Precisamente porque o Estado (laico) não ignora o relevo e a importância que a religião e o culto assumem para os crentes, a liberdade religiosa é das poucas liberdades que não pode ser, em qualquer caso, afetada pela declaração do estado de emergência (como decorre do artigo 19,º, n.º 6, da Constituição portuguesa). Ao contrário do que em muitas situações e países se tem verificado, numa situação de estado de emergência justificam-se mais facilmente restrições à liberdade de iniciativa económica, ou de trabalho, do que restrições à liberdade religiosa.
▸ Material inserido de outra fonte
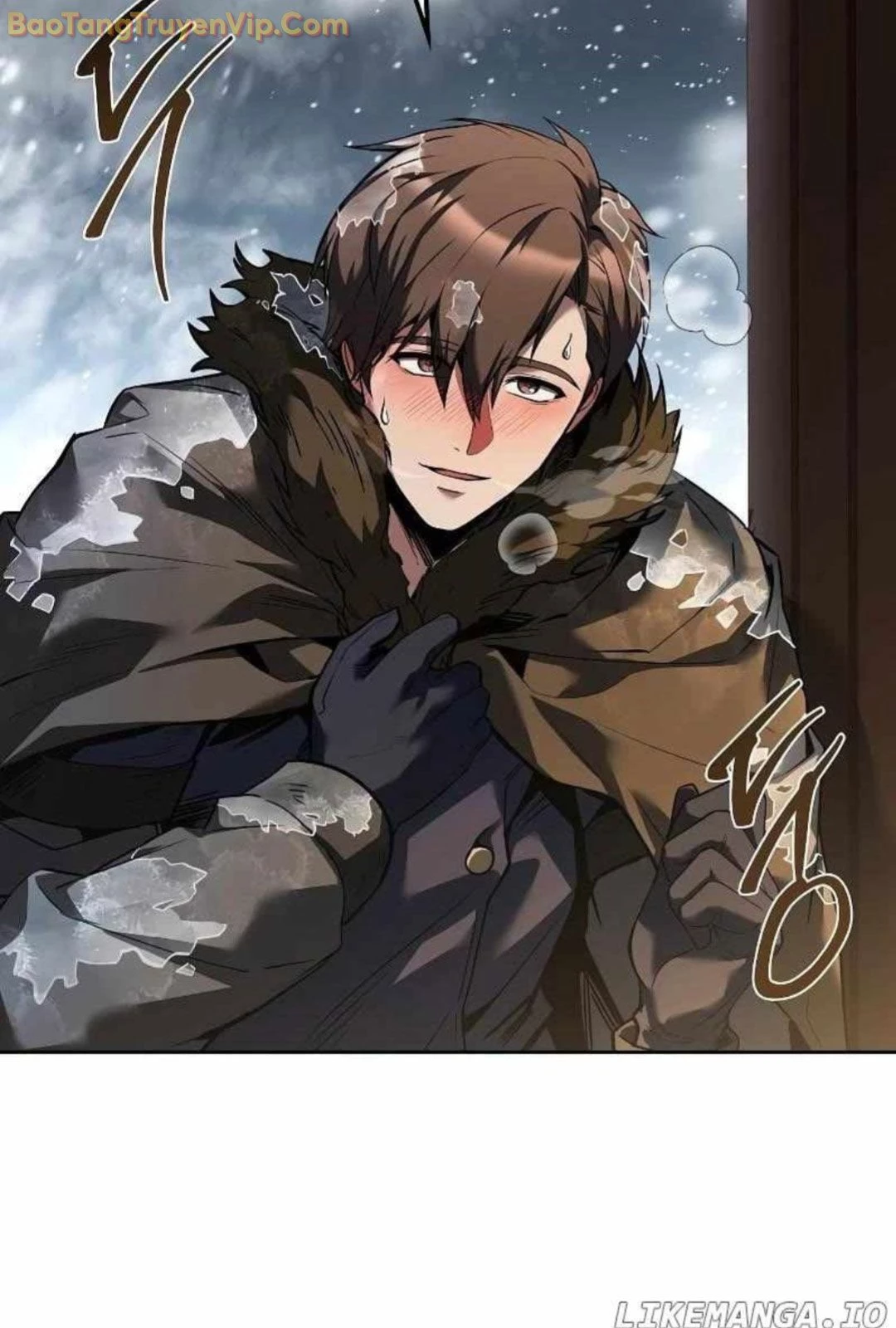 Đại Pháp Sư Mở Nhà Hàng Chapter 62 - Trang 4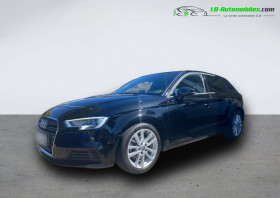 Audi A3 Sportback , garage LB AUTOMOBILES  Beaupuy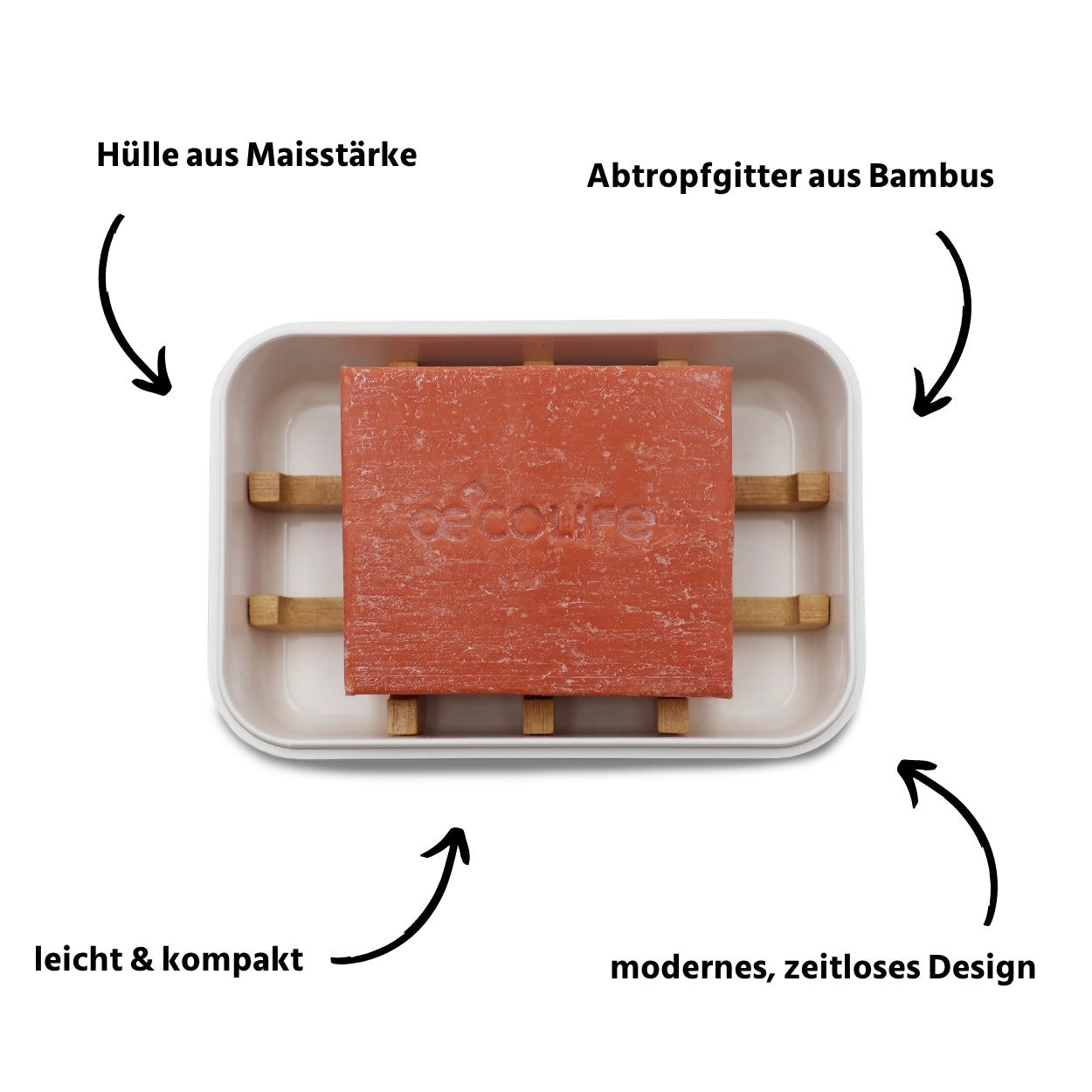 oecolife-seifendose-aus-maisst-rke-seifenbox-mit-bambusgitter image 2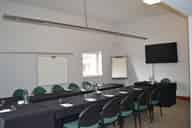 Meeting Rooms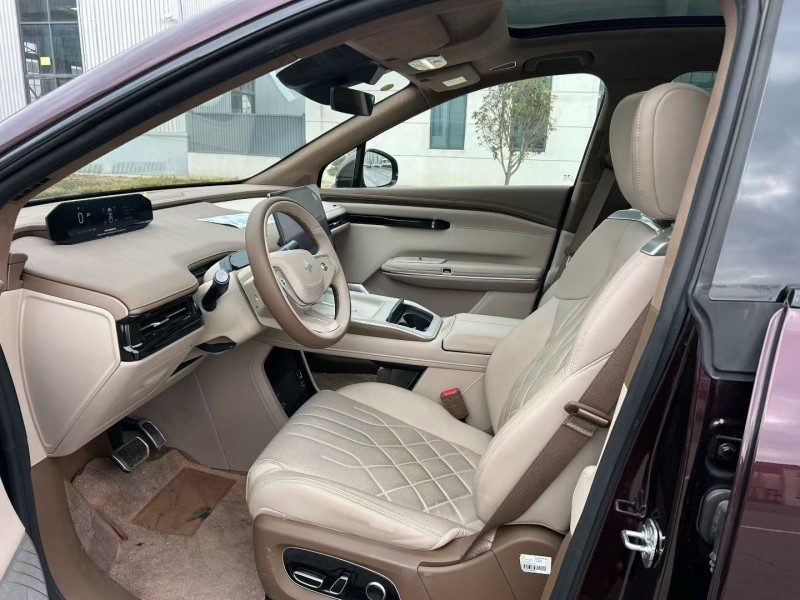 徐州25年傳祺昊鉑GT6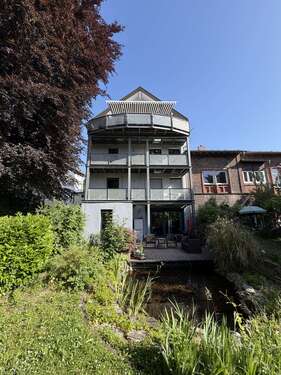 Foto - Wohnung zum Mieten in Wiesbaden 3.000,00 € 165 m²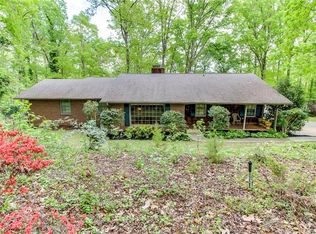 341 Forest Cove Rd, Anderson, SC 29626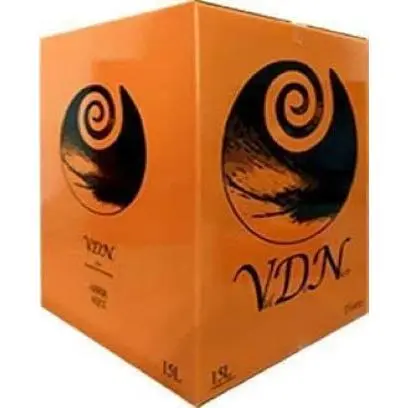 Bag in Box Tinto M Valdenico 12% Vol. 15L (Zona Ourense) - 1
Não me parece que afete a liberdade religiosa a imposição em atos de culto de regras de prevenção sanitárias (desinfeção, distanciamento, uso de máscara), que tenham base científica e que sejam proporcionadas, numa busca de articulação com as normas canónicas (no caso, da Igreja Católica), ou normas equiparáveis que regem esse culto de acordo com a doutrina das confissões respetivas. A propósito, devo dizer que em várias localidades por onde tenho passado, fiquei com a sensação nítida de que a igreja era o local público mais cuidado e seguro nessa perspetiva preventiva. Mas tais regras não poderão de algum modo impedir o exercício do culto público e coletivo, que sempre poderá ocorrer, nem que para tal seja necessário adaptar ou alterar o seu local. E nem que seja necessário multiplicar a sua frequência (como também tem sucedido), para que dele ninguém fique privado.

O que já afetará tal liberdade será a proibição pura e simples do culto. Não apenas o culto individual (como se verificou, e verifica ainda, nalguns países, que impuseram o encerramento obrigatório de igrejas e templos), mas também o culto coletivo (como chegou a verificar-se entre nós, na sequência da declaração do estado de emergência).